Ahora se escribe en España muy buena poesía. Aquí traigo un libro, La esquina y el viento, de Delgado Valhondo, nutrido de la mejor poesía moderna.
Now very good poetry is being written in Spain. Here I bring a book, La esquina y el viento, by Delgado Valhondo, nourished with the best of modern poetry

In 1978 he received the "Hispanidad" prize for poetry, in 1979 he became deputy mayor of Badajoz with the Unión de Centro Democrático (Union of the Democratic Centre) and in 1988 he was given the Medal of Extremadura for his human, professional and literary merits.

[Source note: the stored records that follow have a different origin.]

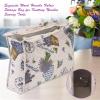 lvifloae Large Felt Storage Bag with Deer Embroidery, Purple Flower Decor view 3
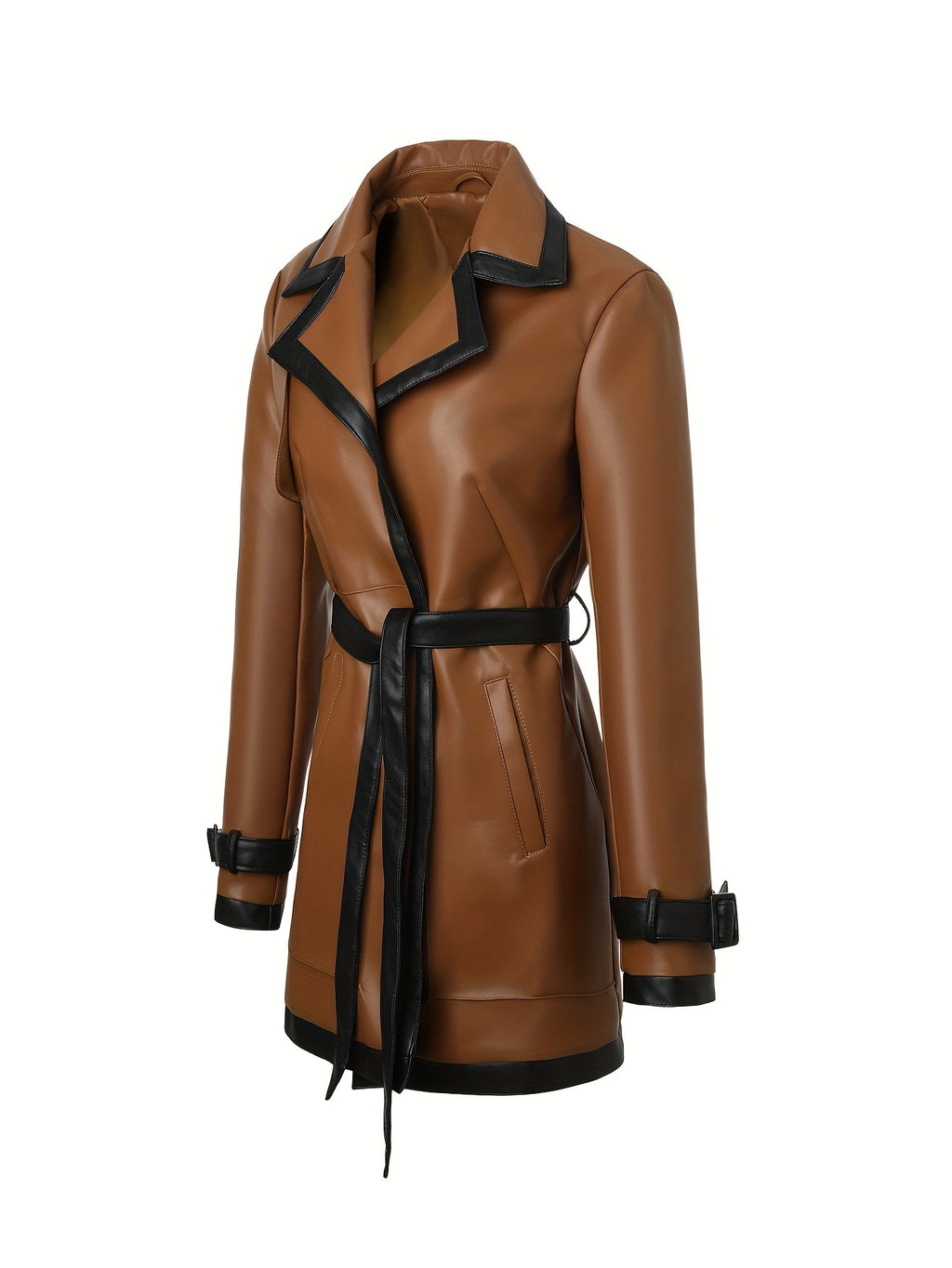 Womens PU Leather Jacket with Belt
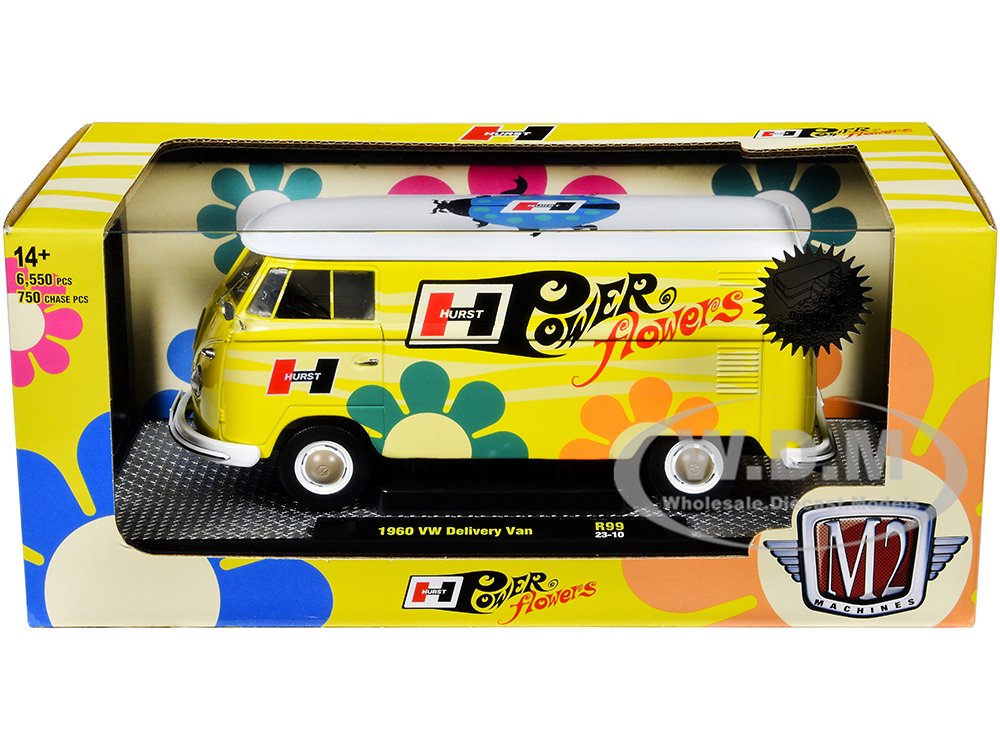 1960 Volkswagen Delivery Van Yellow with Bright White Top and
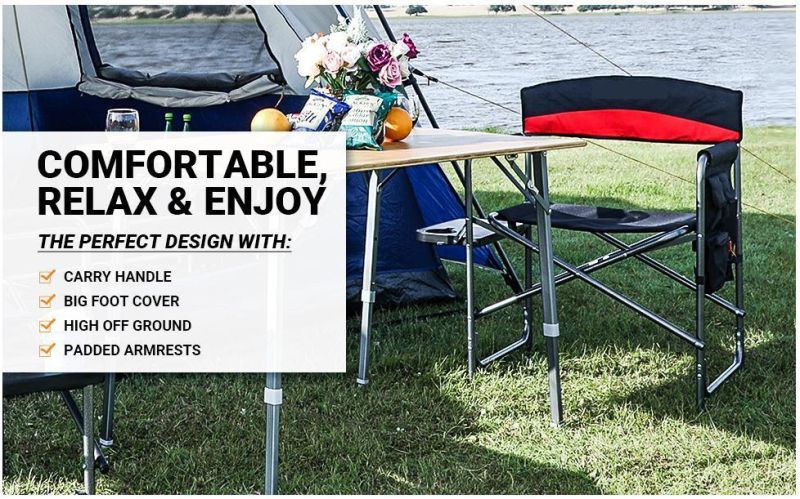 Eavy Duty Camping Directors Chair, Folding Portable Camping Chair with Side Table Storage Pockets for Outdoor Tailgating Sports Backpacking Fishing Lawn Beach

Since his death on 23 July 1993, several compilation books have been published and the Delgado Valhondo Foundation has been created in order to promote his work. The Public State Library in Mérida bears his name.

==Bibliography==

Poetry
- Hojas húmedas y verdes. Alicante, Colección "Leila", 1944
- El año cero. San Sebastián, Cuadernos de poesía "Norte", 1950
- La esquina y el viento. Santander, Colección "Tito Hombre", 1952.
- La muerte del momento, en revista Gévora, número 32, Badajoz, 31 junio 1955.
- Canto a Extremadura, en revista Gévora, números 33–45, Badajoz, 30 agosto 1956.
- La montaña. Santander, Colección "La cigarra", 1957.
- Primera antología. Badajoz, Diputación Provincial, 1961.
- El secreto de los árboles. Palencia, Colección "Rocamador", 1963.
- ¿Dónde ponemos los asombros?. Salamanca, Colección "Álamo", 1969.
- Canas de Dios en el almendro. Sevilla, Colección "Angaro", 1961.
- Cerrada claridad. Sevilla, Colección "Angaro", 1973.
- La vara de avellano. Sevilla, Colección "Angaro", 1974 .
- Entre la hierba pisada queda noche sin pisar (antología). Badajoz, Universitas Editorial, 1979.
- Un árbol solo. Badajoz, Institución cultural Pedro de Valencia, Diputación Provincial, 1979.
- Inefable noviembre. Algeciras, Colección "Bahía", 1981; reedited, with several variations under the title Inefable domingo de noviembre, Cáceres, Institución Cultural "El Brocense", 1982
- Poesía (1943–1988). Obras completas. Badajoz, Diputación Provincial, 1988
- Huir. Badajoz, Del Oeste ediciones, 1994

Prose
- Yo soy el otoño, colección Alcántara.
- Cuentos y narraciones. Cáceres, editorial Extremadura, 1975.
- Ayer y ahora. Badajoz, Universitas Editorial, 1978.
- Abanico. Mérida, Patronato de la Biblioteca Pública, 1986.
- Cuentos. Badajoz, Diputación Provincial, 1986.
- El otro día. Badajoz, Menfis, 1990.